2.2. Soil Sampling and Laboratory Analysis

Locations for 707 soil samples were predetermined by using ArcGIS 10.2 software while considering the land use, soil types, and hydrogeological conditions. At each sample location, a composite sample was collected based on the five-point sampling method: five subsamples (0–20 cm) were collected within a 50-m radius to ensure the representativeness of the geographical unit. All samples were collected on 2–8 January 2019, as the surface of the study area was mainly bare soil with little vegetation cover. According to the classification standard for bare soils (the normalized difference vegetation index was less than 0.3), the bare soil areas were recognized and the vegetation cover areas were removed accordingly [24]. When the collected soil samples were transported to the laboratory, outlier materials such as sticks, stones, and grass roots were removed. Then the soil samples were preprocessed by air-drying at 25 °C and sieving with a 1-mm screen. Finally, SOM contents were measured using the potassium dichromate oxidation-external heating method [25].

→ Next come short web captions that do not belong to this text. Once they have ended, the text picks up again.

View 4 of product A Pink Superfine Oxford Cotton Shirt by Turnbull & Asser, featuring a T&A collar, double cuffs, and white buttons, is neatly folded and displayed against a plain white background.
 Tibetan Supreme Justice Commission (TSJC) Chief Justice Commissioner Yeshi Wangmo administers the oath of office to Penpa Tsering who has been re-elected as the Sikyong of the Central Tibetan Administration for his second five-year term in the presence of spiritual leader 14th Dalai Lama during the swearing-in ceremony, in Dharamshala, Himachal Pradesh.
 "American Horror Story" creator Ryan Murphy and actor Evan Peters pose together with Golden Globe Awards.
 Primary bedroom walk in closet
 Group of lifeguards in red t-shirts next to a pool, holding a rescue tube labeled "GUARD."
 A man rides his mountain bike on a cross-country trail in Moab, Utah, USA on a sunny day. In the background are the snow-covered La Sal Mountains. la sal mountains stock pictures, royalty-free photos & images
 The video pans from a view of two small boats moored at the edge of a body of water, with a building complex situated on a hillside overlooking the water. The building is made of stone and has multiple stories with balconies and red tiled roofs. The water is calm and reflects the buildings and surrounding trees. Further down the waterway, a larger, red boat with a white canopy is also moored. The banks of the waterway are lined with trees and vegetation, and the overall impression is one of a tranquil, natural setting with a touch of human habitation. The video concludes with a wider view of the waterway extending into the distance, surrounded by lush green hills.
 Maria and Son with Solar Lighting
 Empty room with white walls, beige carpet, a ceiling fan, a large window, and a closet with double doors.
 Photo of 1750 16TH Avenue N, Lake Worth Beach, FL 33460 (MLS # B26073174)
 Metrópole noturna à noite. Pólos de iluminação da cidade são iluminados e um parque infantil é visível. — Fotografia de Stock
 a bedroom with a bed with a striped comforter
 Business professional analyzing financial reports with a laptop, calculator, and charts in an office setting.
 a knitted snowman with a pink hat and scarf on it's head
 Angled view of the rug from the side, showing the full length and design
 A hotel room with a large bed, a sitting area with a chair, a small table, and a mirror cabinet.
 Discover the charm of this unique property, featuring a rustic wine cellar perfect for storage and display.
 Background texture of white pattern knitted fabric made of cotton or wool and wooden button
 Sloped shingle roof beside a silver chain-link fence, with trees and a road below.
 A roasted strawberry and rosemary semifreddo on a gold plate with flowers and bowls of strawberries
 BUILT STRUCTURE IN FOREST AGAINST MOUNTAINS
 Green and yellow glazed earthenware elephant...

2.3. Satellite Data Acquisition and Preprocessing

The Sentinel-2B satellite was launched by the European Space Agency in 2017 with the goal of providing information for environmental monitoring and disaster support worldwide. The Sentinel-2B satellite was equipped with a multispectral instrument that provided 13 spectral bands within the wavelengths of 400 to 2500 nm. The satellite data was characterized by three spatial resolutions of 10-m (Band 2, Band 3, Band 4, and Band 8), 20-m (Band 5, Band 6, Band 7, Band 8a, Band 11, and Band 12), and 60-m (Band 1, Band 9, and Band 10). A Sentinel-2B image obtained on 17 January 2019 under cloudless conditions was freely acquired from the USGS website (https://glovis.usgs.gov, accessed on 20 November 2022), and the soil samples were collected at the same time as the image capture. Image preprocessing was performed to transform the raw values of top of atmosphere reflectance to bottom of atmosphere reflectance. Image preprocessing consisted of radiation correction and atmospheric correction. These procedures were performed with SNAP software (equipped with the Sen2Cor plug-in). Note that band 10 was not involved in the model calculations because it was designed for atmospheric detection. All bands were resampled to 10-m spatial resolution to facilitate SOM mapping.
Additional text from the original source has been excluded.